Conclue le 7 septembre 1701, à La Haye, par la Grande-Bretagne, les États-généraux et l’empereur, elle recueille, en deux ans, les adhésions du Danemark, de la Prusse[1], des cercles du Rhin, de Franconie, d’Autriche, de Souabe, de Westphalie, puis de tout l’empire, du Portugal, de la Suède, du duc de Savoie lui-même[2]. Seuls, les électeurs de Bavière et de Cologne s’abstiennent et protestent. Au commencement de mai 1702, les trois puissances contractantes publient partout des manifestes pour faire connaître leurs communs griefs et nous déclarent la guerre.

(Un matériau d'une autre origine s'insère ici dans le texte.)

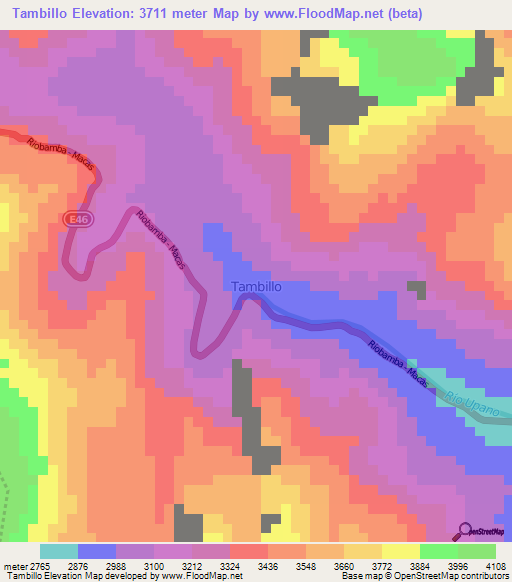 Tambillo,Ecuador Elevation Map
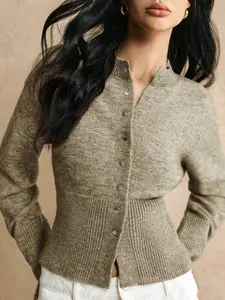 Elegant Slim-Fit Button-Front Cardigan, Fashionable Casual Waist-Centric Knitwear for Fall & Winter Seasons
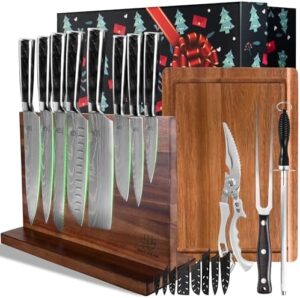 Unlock the ultimate kitchen experience with this 13-piece knife set, featuring magnetic block holder, cutting boards, scissors, and sharpening rod. Perfect for gifting, dimensions 12x8.5x2 inches, black resin design.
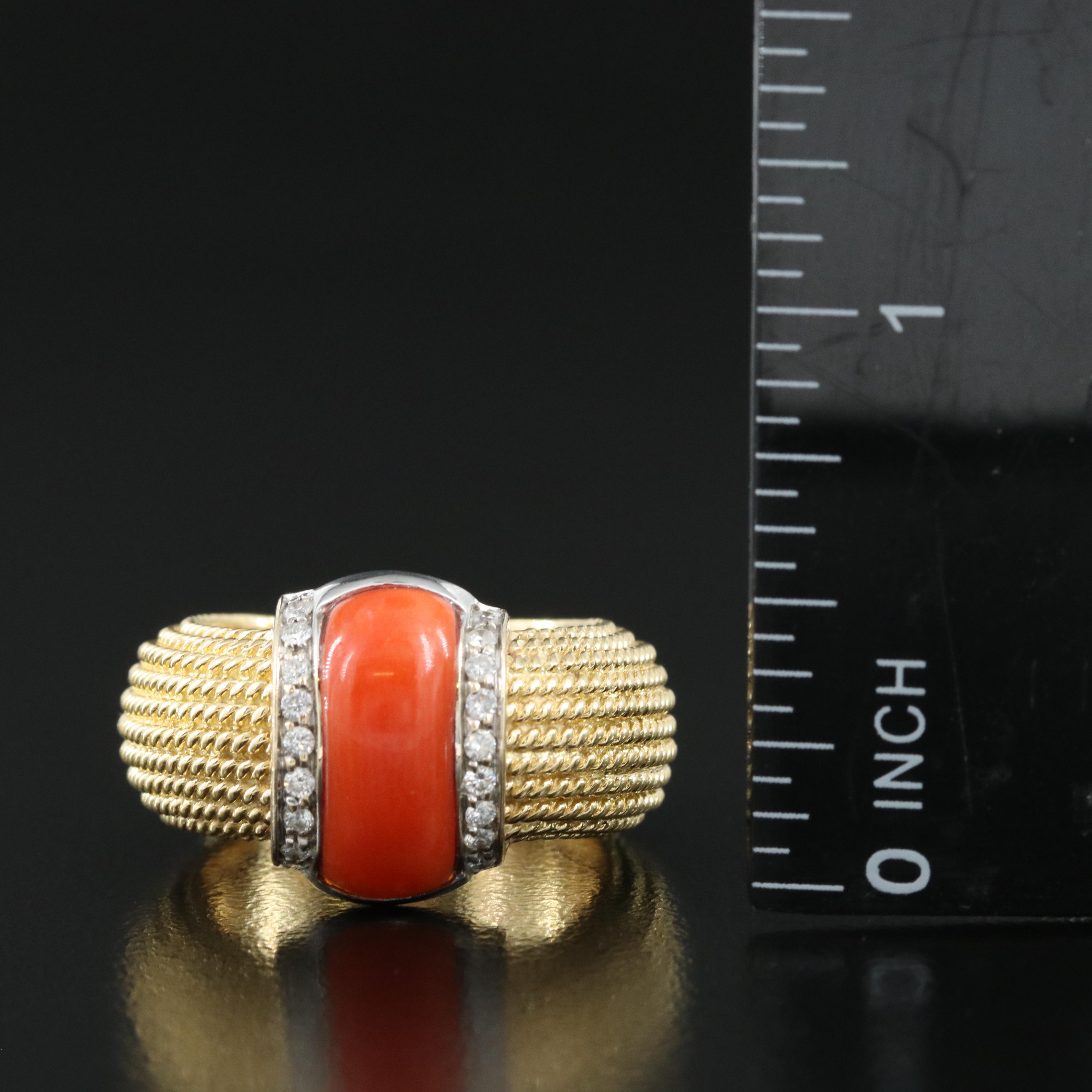 Roberto Coin 18K Coral and Diamond Ring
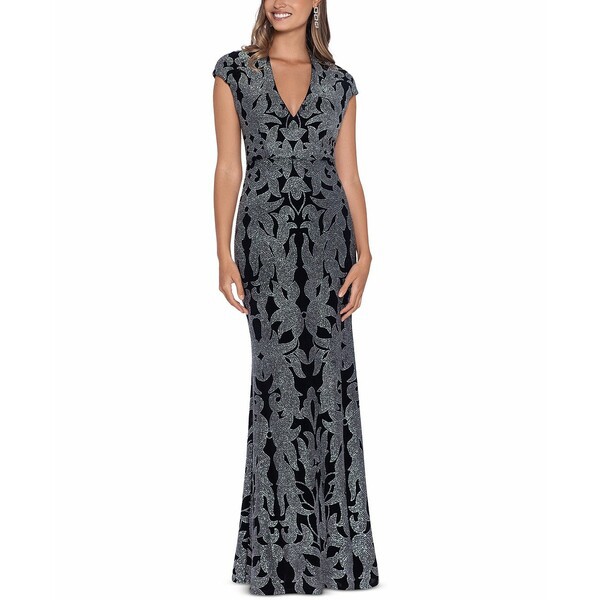 ベッツィ アンド アダム レディース ワンピース トップス Glitter-Print Gown Black/Gunmetal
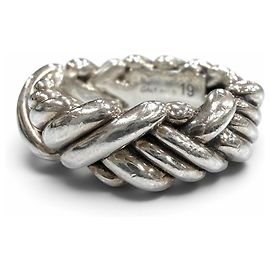 Bottega Veneta Silver Band Ring Silvery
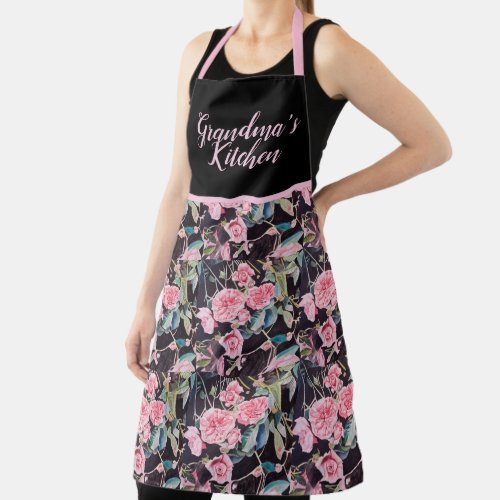 Pink Vintage Rose Roses Watercolor Grandmas Apron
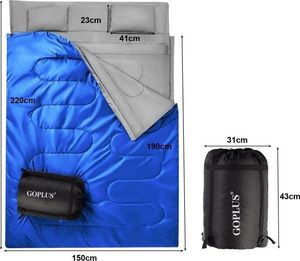 Costway Śpiwór turystyczny dwuosobowy z poduszkami (OP3650LS) 3
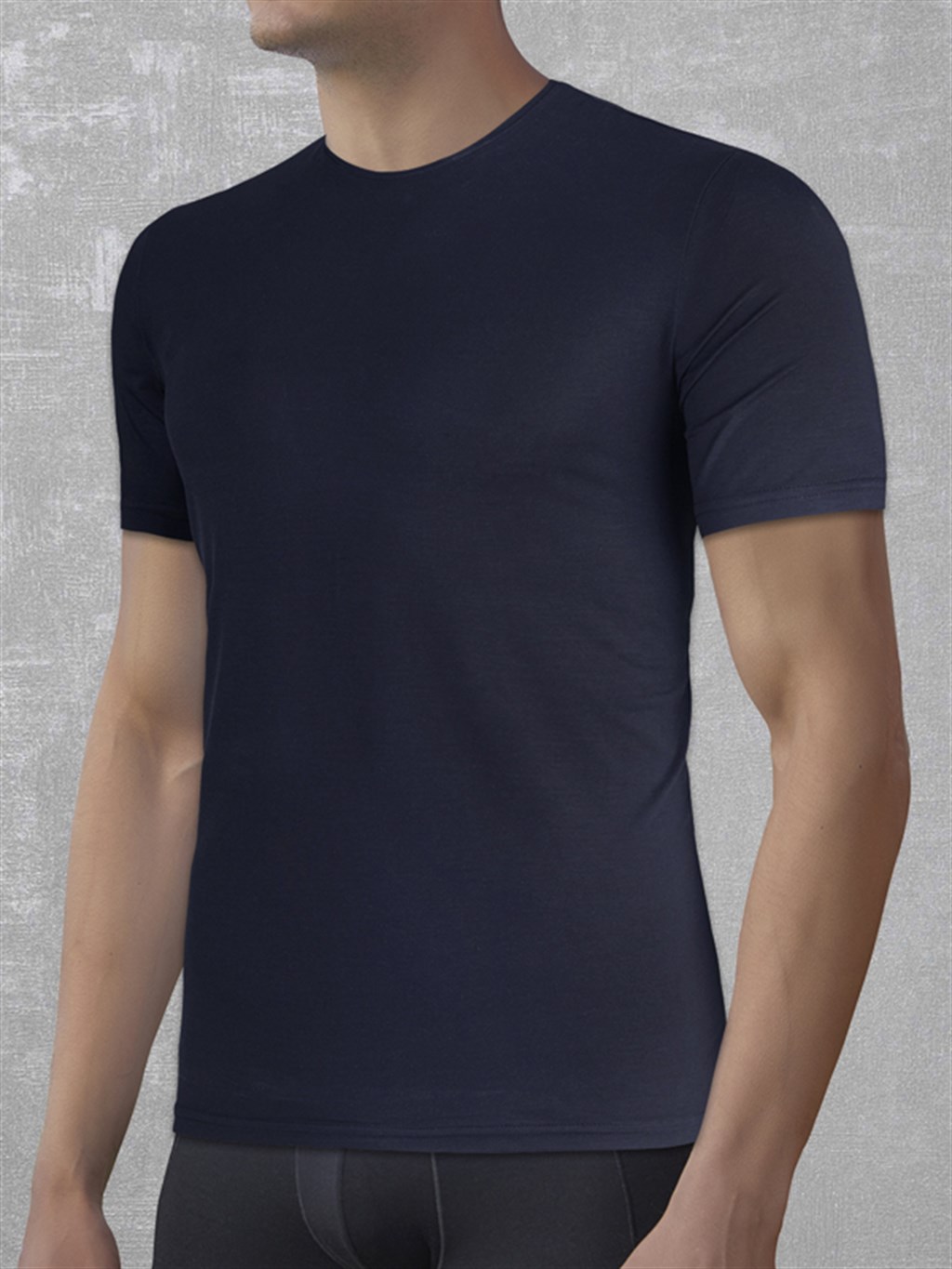 DOREANSE Erkek Basic Bisiklet Yaka T-Shirt 2566
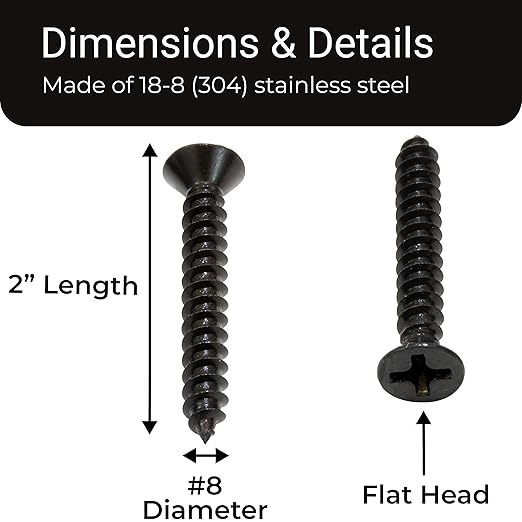 Bolt Dropper No. 8 x 2'' Black Screws, Xylan Coated Stainless Flat Head Phillips Wood Screw Deep Cut (25 Pack), 18-8 (304) Stainless Steel Anti Corrosion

Elle durera dix années tout entières, et ne laissera pas à la France un seul jour de repos. En Italie (1701-1707), en Allemagne (1702-1708), en Espagne (1702-1714), dans les Pays-Bas (1701-1712), sur le sol national lui-même, nos armées auront à combattre des ennemis pourvus de ressources pour ainsi dire inépuisables, animés contre nous de sentimens passionnés, forts par l’indissoluble union de leurs intérêts et de leurs haines, commandés par des hommes de guerre remarquables, auxquels nous ne pouvons opposer tout d’abord, sauf Catinat et Vendôme, que des généraux d’une

  1. Par le traité dit « de la couronne, » qui confère (1701) au grand-électeur Frédéric III le titre de roi et l’oblige à mettre une armée au service de la coalition.
  2. Le traité conclu à Turin, le 25 octobre 1703, stipule, en faveur des alliés, le concours actif de Victor-Amédée, et lui assure la possession du Montferrat, ainsi que d’une notable partie des états de Milan.